Chain of Events

Posted by bob on February 27, 2016

Have you ever watched or read a story of an air crash investigation? These intriguing mysteries include an unfortunate level of horror. Real lives are lost or changed forever. Survivors can suffer endless guilt—and many of the stories have no survivors of the event itself. But the investigations have a lot in common with good debug methods. For that reason alone, these stories are worth an occasional visit.

One recurring theme in many air crash stories is the presence of a chain-of-events. The accident might never have occurred if just one action had interrupted the sequence of steps that combined to create the final tragedy.

Two key tools that we all have heard about are the Flight Data Recorder and Cockpit Voice Recorder.

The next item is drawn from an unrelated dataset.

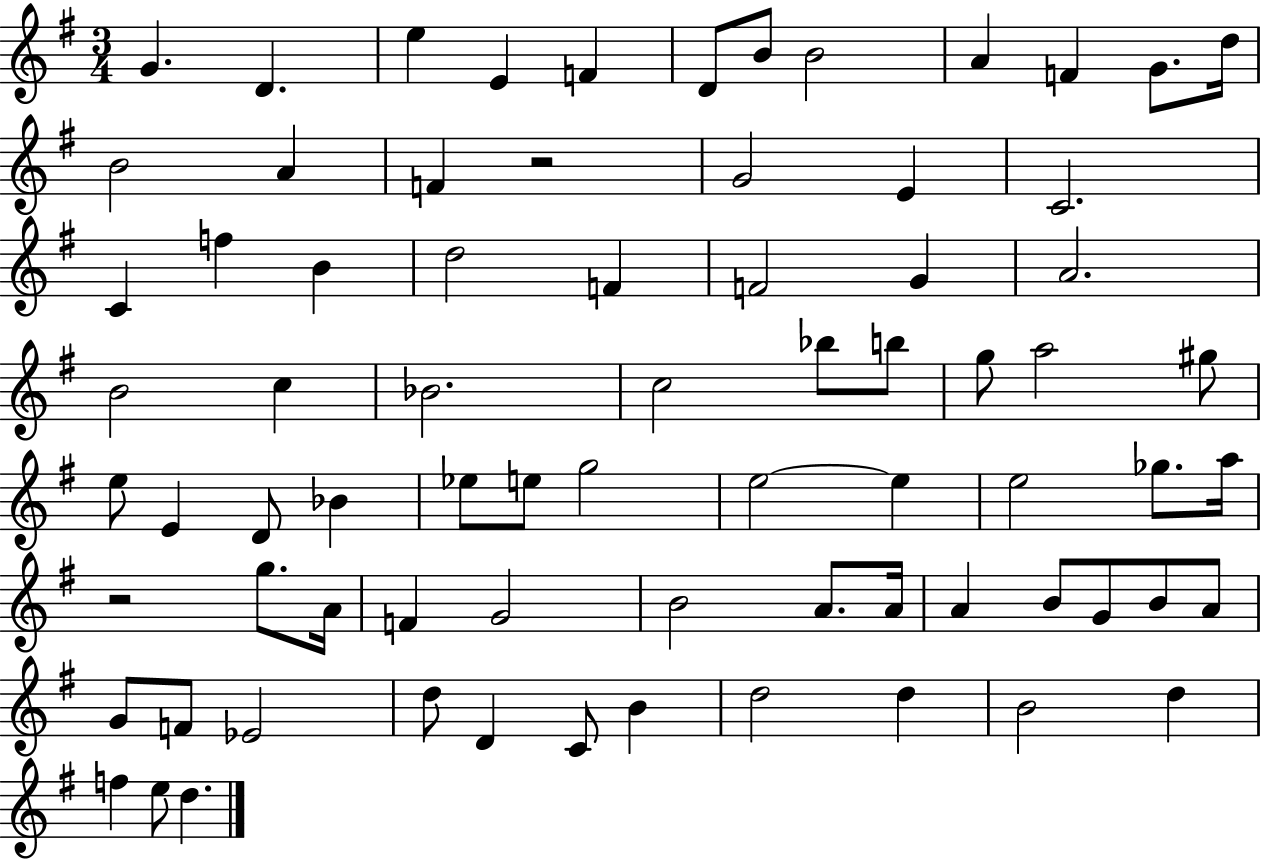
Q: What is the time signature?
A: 3/4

These rugged instruments are designed to survive all kinds of mishap (high-speed impact, fire, and flood) and deliver clear recordings of the conditions which existed in the moments before the terminal event—which typically stops the information recording.

If you are developing a computerized system involving hardware and software, you need to think about building some kind of Flight Data Recorder into your system. Instrumentation of the key parameters can re-pay their cost many times over. 

Such costs might show up in requirements for additional volatile or non-volatile memory (typically added RAM and Flash memory). Another method is to allocate a reasonably high-speed data port which constantly spews out diagnostic information. An external function can then be used to capture that diagnostic information.

Unfortunately, for security reasons, such a diagnostic port might reveal too much information about the internal workings of the system. That means that the diagnostic information might need to be encrypted (or at least obfuscated) and this can add further requirements for extra memory or computing bandwidth.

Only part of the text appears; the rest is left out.